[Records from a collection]
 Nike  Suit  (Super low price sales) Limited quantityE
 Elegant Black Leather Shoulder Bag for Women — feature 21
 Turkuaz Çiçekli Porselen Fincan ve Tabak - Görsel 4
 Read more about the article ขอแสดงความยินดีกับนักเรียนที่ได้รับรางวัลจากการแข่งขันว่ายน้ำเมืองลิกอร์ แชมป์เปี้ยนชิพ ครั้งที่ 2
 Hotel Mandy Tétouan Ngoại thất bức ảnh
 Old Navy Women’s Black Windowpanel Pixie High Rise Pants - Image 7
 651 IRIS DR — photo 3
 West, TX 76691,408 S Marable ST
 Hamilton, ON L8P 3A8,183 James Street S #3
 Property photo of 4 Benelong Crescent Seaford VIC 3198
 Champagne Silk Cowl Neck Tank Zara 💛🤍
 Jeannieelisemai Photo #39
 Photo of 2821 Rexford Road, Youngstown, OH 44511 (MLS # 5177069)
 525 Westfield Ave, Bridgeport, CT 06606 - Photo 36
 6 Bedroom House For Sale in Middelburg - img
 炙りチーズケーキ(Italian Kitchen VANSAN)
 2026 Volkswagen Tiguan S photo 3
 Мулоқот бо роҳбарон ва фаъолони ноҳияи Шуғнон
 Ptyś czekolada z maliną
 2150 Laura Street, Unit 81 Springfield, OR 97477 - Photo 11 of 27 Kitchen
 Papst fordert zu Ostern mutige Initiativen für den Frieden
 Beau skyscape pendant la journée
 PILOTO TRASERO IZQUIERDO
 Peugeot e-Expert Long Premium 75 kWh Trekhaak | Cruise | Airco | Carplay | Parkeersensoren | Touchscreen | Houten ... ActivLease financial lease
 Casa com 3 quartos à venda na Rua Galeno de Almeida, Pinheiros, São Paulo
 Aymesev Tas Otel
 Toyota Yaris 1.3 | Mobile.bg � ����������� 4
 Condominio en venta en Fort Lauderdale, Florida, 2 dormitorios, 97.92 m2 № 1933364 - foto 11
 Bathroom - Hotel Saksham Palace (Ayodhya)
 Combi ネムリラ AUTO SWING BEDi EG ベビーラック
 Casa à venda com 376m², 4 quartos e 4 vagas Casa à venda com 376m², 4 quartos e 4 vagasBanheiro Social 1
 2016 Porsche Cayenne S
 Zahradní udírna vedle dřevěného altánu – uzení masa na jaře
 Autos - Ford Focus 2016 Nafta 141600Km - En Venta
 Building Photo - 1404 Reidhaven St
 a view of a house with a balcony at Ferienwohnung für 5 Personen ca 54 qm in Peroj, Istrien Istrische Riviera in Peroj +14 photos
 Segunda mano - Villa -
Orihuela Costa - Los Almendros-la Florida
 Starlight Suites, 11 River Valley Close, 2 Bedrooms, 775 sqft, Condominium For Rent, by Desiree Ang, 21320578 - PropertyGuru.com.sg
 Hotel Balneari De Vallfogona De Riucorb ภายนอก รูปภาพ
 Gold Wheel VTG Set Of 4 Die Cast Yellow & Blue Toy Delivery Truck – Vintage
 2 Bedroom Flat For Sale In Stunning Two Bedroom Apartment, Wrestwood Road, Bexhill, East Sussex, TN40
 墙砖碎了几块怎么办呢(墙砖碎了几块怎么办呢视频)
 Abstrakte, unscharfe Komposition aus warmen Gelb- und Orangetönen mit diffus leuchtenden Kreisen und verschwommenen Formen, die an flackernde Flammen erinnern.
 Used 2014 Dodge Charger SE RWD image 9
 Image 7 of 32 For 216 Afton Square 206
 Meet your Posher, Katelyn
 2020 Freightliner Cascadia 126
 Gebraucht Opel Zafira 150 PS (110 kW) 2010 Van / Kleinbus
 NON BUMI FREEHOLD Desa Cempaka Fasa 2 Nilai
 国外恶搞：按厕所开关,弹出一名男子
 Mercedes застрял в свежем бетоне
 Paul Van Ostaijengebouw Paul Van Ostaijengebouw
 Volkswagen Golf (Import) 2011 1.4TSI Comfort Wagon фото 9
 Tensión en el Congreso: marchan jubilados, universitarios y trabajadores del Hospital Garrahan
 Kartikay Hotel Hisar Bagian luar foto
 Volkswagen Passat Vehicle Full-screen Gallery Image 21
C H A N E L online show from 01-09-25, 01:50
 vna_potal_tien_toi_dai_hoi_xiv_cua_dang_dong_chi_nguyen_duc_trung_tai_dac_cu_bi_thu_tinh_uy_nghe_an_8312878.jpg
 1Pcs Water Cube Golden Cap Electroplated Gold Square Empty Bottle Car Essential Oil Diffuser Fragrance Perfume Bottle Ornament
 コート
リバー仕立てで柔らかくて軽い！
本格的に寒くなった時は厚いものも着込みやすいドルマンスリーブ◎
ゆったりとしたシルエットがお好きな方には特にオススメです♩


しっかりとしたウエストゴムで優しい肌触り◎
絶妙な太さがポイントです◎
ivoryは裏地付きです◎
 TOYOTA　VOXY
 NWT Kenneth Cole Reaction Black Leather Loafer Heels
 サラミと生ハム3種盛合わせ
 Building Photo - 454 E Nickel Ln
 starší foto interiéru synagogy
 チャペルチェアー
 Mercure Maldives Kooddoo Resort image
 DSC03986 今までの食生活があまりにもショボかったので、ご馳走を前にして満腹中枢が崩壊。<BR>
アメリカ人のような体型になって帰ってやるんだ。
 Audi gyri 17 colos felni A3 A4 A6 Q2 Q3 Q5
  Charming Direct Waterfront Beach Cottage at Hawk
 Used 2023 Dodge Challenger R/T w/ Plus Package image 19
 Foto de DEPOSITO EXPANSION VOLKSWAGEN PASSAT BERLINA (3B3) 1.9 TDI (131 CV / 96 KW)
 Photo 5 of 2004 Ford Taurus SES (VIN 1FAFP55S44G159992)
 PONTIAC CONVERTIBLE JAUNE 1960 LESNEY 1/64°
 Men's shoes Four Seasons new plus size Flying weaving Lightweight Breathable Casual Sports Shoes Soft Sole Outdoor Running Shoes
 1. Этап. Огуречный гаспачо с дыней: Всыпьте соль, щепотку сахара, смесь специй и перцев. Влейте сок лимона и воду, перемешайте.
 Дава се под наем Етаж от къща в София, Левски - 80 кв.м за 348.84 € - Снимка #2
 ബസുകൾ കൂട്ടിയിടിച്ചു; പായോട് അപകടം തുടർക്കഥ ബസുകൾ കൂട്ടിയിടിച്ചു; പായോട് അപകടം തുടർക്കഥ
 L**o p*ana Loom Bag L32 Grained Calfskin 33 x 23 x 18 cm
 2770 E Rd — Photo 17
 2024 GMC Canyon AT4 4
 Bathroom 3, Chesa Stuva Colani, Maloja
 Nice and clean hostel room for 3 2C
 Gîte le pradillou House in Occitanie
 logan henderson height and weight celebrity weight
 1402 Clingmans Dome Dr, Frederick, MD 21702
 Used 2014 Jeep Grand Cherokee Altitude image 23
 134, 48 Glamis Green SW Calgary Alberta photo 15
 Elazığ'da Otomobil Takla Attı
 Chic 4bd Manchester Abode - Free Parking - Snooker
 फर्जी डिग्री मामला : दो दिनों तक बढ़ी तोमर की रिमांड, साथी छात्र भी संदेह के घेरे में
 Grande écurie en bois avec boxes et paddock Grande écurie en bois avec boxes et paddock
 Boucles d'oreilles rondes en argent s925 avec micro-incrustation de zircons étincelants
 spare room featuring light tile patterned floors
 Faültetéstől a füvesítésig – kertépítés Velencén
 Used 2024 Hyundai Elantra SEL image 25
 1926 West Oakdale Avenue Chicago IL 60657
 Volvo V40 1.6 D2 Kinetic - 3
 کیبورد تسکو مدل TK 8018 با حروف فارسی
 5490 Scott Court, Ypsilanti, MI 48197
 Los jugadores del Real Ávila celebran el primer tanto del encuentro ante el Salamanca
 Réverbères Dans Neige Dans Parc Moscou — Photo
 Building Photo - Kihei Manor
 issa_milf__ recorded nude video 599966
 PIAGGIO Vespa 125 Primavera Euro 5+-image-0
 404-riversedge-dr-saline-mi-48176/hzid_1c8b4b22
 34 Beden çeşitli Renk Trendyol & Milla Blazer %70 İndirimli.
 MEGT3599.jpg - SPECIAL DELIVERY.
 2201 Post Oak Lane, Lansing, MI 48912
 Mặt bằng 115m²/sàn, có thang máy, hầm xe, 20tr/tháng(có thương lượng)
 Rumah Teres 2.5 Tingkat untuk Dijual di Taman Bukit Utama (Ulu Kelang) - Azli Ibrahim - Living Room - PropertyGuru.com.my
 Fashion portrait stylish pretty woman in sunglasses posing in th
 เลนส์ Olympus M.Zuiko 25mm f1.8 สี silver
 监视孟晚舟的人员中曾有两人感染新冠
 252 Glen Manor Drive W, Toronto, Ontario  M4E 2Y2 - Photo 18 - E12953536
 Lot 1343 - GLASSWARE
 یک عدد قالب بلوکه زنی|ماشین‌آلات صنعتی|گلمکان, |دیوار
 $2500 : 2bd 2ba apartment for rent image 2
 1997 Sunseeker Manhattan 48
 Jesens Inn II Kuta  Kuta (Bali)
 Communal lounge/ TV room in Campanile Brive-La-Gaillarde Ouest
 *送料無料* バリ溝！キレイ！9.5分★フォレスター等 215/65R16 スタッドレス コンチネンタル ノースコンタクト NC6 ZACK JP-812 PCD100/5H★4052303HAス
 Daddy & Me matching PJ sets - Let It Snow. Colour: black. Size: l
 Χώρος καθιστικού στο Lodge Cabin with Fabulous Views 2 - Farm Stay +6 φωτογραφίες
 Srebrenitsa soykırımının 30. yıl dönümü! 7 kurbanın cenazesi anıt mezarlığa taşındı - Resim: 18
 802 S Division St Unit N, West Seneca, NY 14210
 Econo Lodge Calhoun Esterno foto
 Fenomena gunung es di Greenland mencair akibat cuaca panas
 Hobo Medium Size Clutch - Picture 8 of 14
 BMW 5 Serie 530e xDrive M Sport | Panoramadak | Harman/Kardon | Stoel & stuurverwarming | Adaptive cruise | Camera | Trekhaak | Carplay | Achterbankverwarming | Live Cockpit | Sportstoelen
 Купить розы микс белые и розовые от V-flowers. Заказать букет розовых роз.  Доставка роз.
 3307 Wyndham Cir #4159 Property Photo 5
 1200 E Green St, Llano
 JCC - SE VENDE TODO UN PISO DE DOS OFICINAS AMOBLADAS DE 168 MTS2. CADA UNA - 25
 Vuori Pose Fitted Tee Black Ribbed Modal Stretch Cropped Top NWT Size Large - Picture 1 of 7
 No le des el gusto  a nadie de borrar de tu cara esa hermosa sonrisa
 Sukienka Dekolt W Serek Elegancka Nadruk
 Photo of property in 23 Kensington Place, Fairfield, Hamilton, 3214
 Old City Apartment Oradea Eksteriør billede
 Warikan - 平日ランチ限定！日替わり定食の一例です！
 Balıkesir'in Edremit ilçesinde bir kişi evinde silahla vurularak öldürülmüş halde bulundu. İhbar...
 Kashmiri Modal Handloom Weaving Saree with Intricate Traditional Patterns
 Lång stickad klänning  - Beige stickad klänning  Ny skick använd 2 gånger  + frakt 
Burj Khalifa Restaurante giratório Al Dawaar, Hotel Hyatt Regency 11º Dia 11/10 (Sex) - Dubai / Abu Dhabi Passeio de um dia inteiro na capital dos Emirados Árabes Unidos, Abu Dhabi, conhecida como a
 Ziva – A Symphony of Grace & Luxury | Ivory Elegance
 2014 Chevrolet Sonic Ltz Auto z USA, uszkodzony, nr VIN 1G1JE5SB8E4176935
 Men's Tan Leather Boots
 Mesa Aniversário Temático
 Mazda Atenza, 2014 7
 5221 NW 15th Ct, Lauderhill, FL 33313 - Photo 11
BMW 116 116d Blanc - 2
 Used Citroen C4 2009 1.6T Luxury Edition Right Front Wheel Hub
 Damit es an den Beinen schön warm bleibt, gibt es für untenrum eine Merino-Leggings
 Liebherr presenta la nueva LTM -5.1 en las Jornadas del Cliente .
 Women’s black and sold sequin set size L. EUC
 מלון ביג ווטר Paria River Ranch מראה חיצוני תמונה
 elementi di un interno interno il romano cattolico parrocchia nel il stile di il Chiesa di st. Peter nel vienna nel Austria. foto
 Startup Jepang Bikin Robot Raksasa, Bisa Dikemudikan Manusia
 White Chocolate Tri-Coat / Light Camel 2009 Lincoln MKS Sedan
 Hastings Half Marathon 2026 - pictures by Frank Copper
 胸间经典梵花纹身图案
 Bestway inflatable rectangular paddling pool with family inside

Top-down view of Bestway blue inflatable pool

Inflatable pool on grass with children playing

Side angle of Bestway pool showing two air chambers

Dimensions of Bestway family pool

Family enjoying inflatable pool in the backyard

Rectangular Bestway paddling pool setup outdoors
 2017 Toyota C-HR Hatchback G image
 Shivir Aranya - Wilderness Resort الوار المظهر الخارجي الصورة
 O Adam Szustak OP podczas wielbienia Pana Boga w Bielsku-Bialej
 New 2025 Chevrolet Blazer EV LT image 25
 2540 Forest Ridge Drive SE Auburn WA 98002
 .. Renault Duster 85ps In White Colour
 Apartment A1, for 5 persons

**What to work on:**
Restate the records above verbatim up to and including the line containing "Casa à venda com 376m², 4 quartos e 4 vagas Casa".

**Your response:**
 Nike  Suit  (Super low price sales) Limited quantityE
 Elegant Black Leather Shoulder Bag for Women — feature 21
 Turkuaz Çiçekli Porselen Fincan ve Tabak - Görsel 4
 Read more about the article ขอแสดงความยินดีกับนักเรียนที่ได้รับรางวัลจากการแข่งขันว่ายน้ำเมืองลิกอร์ แชมป์เปี้ยนชิพ ครั้งที่ 2
 Hotel Mandy Tétouan Ngoại thất bức ảnh
 Old Navy Women’s Black Windowpanel Pixie High Rise Pants - Image 7
 651 IRIS DR — photo 3
 West, TX 76691,408 S Marable ST
 Hamilton, ON L8P 3A8,183 James Street S #3
 Property photo of 4 Benelong Crescent Seaford VIC 3198
 Champagne Silk Cowl Neck Tank Zara 💛🤍
 Jeannieelisemai Photo #39
 Photo of 2821 Rexford Road, Youngstown, OH 44511 (MLS # 5177069)
 525 Westfield Ave, Bridgeport, CT 06606 - Photo 36
 6 Bedroom House For Sale in Middelburg - img
 炙りチーズケーキ(Italian Kitchen VANSAN)
 2026 Volkswagen Tiguan S photo 3
 Мулоқот бо роҳбарон ва фаъолони ноҳияи Шуғнон
 Ptyś czekolada z maliną
 2150 Laura Street, Unit 81 Springfield, OR 97477 - Photo 11 of 27 Kitchen
 Papst fordert zu Ostern mutige Initiativen für den Frieden
 Beau skyscape pendant la journée
 PILOTO TRASERO IZQUIERDO
 Peugeot e-Expert Long Premium 75 kWh Trekhaak | Cruise | Airco | Carplay | Parkeersensoren | Touchscreen | Houten ... ActivLease financial lease
 Casa com 3 quartos à venda na Rua Galeno de Almeida, Pinheiros, São Paulo
 Aymesev Tas Otel
 Toyota Yaris 1.3 | Mobile.bg � ����������� 4
 Condominio en venta en Fort Lauderdale, Florida, 2 dormitorios, 97.92 m2 № 1933364 - foto 11
 Bathroom - Hotel Saksham Palace (Ayodhya)
 Combi ネムリラ AUTO SWING BEDi EG ベビーラック
 Casa à venda com 376m², 4 quartos e 4 vagas Casa à venda com 376m², 4 quartos e 4 vagasBanheiro Social 1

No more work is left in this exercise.